Hacker News new | past | comments | ask | show | jobs | submit login
RSS Feed Best Practices (kevincox.ca)
220 points by nalgeon on May 7, 2022 | hide | past | favorite | 67 comments



Re: Discovery

A pet peeve of mine, is where some enterprising web developer has either built a theme, or hacked an existing one and removed or not added the <link> tag for the RSS feed, when the site engine in question DOES have a working RSS feed.

You see this a lot on customised WordPress sites. I end up having to try all variants of feed URLs I can think of until I find the feed. Surprisingly, most non-bespoke site engines still have working feeds, so the hit rate is quite high.

I also miss the days of browsers auto-extracting the <link> tag and showing an RSS icon when a feed is found.


I'm disappointed browsers removed that functionality, but extensions solve the problem. I've been using Feedbro, which is also a reader, but there are multiple options.


Vivaldi does the auto-extracting, and displays the RSS icon. You can click on it to subscribe. Vivaldi’s built-in feed reader is a bit clunky, but it works.

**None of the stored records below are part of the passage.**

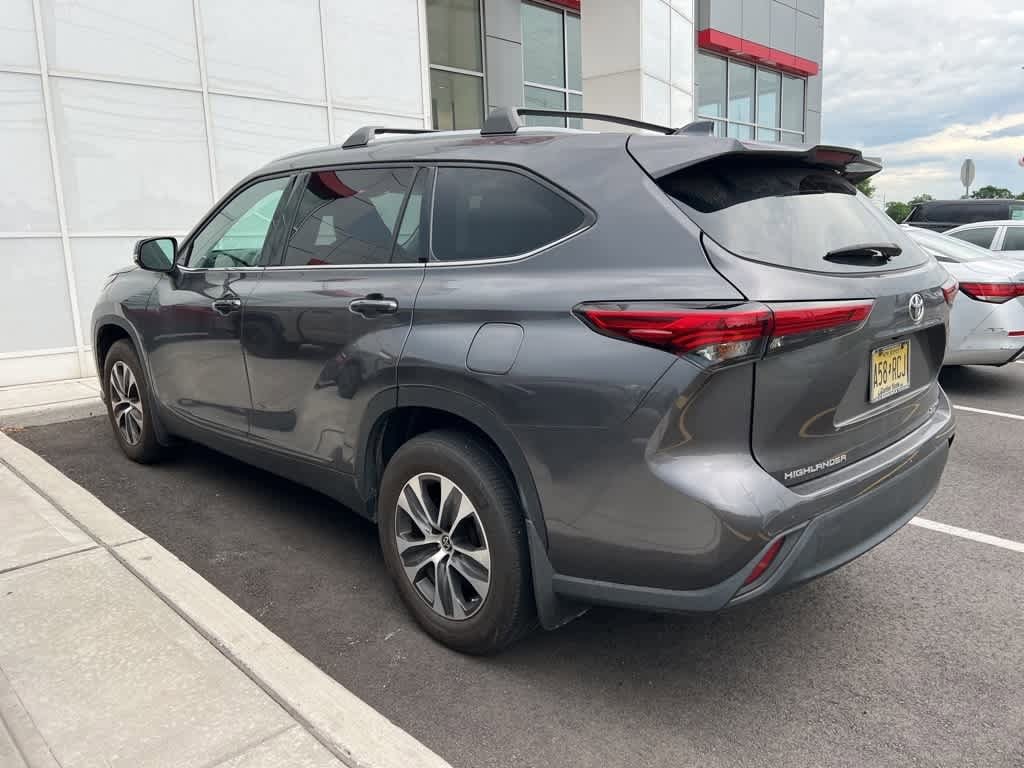 Thumbnail: 2022 Toyota Highlander - 4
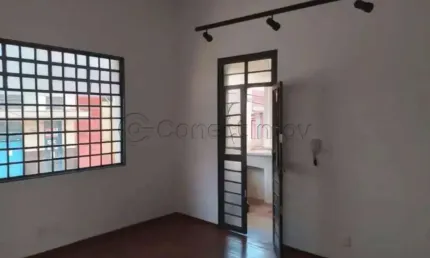 Casa de 70m² com 03 quartos disponível para locação - Centro.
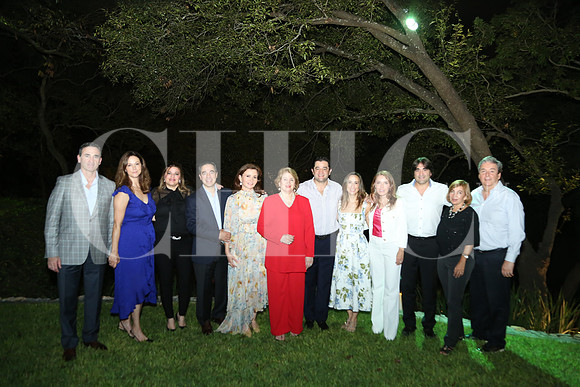 Juan Prestamo, Malu jaso, Berta Alejandra Prestamo, Arturo Prestamo, Cordelia Elizondo , Berta Alejandra Elizondo de Islas, Marcelo Prestamo, Sofia Garza, Cynthia Zabroki, Luis Prestamo, Cristina Isla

Yay for another vivaldi user!


It’s full of weird bugs, and not too snappy, but it’s the only highly configurable Chrome-based browser.


If it’s Wordpress based, the feed is usually found by adding /feed and if it is a Tumblr website, by appending /rss


Possibilities include:

  .../rss , .../rss.xml , .../.rss , .../rss_full.xml , .../feed , .../rss-feed , .../feed/all/ , .../MySection.xml , .../MySection.atom , feedserver.example.com/section/index ...


I've yet to see a Tumblr site that didn't have working autodiscovery. But maybe I just haven't seen a custom-enough theme yet.


I work more with podcast feeds vs article feeds, but the most important lesson I learned when it comes to RSS is that what readers actually do has is not necessarily what you would think, or sometimes even not what the spec says. It's the wild west, even with major readers, and you have to do the work and test in different players if you're producing your own RSS.

We have a huge internal document of how RSS elements map to UI in every player and all the gotchas, and we still discover new things years after initial development.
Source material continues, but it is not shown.